Henman defeated fellow-Briton Andrew Richardson 6-4, 6-7, 6-4 in a first-round match that lasted a shade under two hours but shade was the appropriate word. It was a patchy performance and one that would not convince you to put your faith on him to match last year's quarter-final appearance at Wimbledon, where he will be ranked 14th.

"If I'd won 6-3, 6-3 as I should have done," he said, "I would have been very pleased but a win is a win."

Henman needs to strike a higher pitch urgently. Since returning from an operation on his elbow, he has lost in the first rounds of the Italian and French Opens and the only opponent he has beaten is Richardson who is ranked 200 places below him - he beat him at Queen's last week.

Yesterday the result could easily have been reversed. Henman broke in the first and third games to take the first set in 29 minutes but when he missed three game points to break Richardson at 4-3, the belief dripped out of him. "Hit it," he shouted at himself at one point, a plea to his confidence to let him go through with his strokes.

The affirmative response came only when he broke his opponent in the ninth game of the deciding set. Ahead, he was released from his doubts and served to love to win the match.

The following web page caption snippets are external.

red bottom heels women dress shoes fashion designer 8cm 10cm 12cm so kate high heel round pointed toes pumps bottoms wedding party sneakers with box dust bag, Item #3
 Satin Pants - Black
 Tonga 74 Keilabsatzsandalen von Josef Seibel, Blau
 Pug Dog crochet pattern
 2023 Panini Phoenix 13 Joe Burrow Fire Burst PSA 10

If Henman is a seed of doubt then Marcelo Rios looks like an upset waiting to happen. The Chilean will go to Wimbledon as the ninth-ranked player but if the seedings committee had seen his performance yesterday then he would have been one they would have tossed by the wayside. To describe him as dreadful during his 6-4, 6-2 defeat by Kenneth Carlsen would be to flatter.

Rios took one look at the court and was immediately discouraged, describing grass as being only fit for "cows and playing soccer". He then said he was looking forward to playing at Wimbledon but with the forced expression of someone extolling the joys of visiting a dentist..

Carlos Moya, the top seed here, did little to inspire confidence either, going down 1-6, 7-6, 6-4 to Romania's Adrian Voinea.